As part of SOC 116AC: "Work, Justice & the Labor Movement" and the UC Berkeley Labor Center
Want to see visualizations based on this data? Check them out here!
These notebooks are written to clean data collected from California domestic workers surveyed on their demographics, commutes, and experiences with worker's rights violations.
The survey was conducted via Google Forms and included over 400 employee responses on over 500 of their employers. Many questions asked are free response questions, or include an "Other" free response option. The data was originally collected in English, Spanish, and Mandarin, and has been translated to English (except for some free response).
Originally, multiple choice questions were formatted by Google Forms as concattenated lists. These were cleaned to be formatted as True/False columns for each option.
Many domestic workers have multiple employers. In the survey, respondents were asked to provide data on each of their employers, and were asked a series of similar questions for each employer. Google Forms made a new set of columns for each employer response, leading the original table to have 416 (aka too many) columns. To fix this, the data was collapsed to employer level. Originally each row was an employee's survey response, containing one or more response about their employers.
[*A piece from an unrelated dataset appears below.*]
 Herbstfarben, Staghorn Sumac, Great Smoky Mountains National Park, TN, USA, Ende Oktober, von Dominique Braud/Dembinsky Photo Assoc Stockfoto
Now, each employer response is a new row, and given an ascending employer ID up to the number of employers a respondent recorded.
ZIP code and city name responses were also cleaned, and test responses were dropped.
Because this project has a focus on mapping, and ZIP code responses were rare for employer locations, city names were more thoroughly cleaned.
The multiple choice question, "Employer Health And Safety Precautions", was translated into a series of True/False columns for each option.
"Other" data was categorized when possible (Number of Years Worked, Years in U.S., etc.).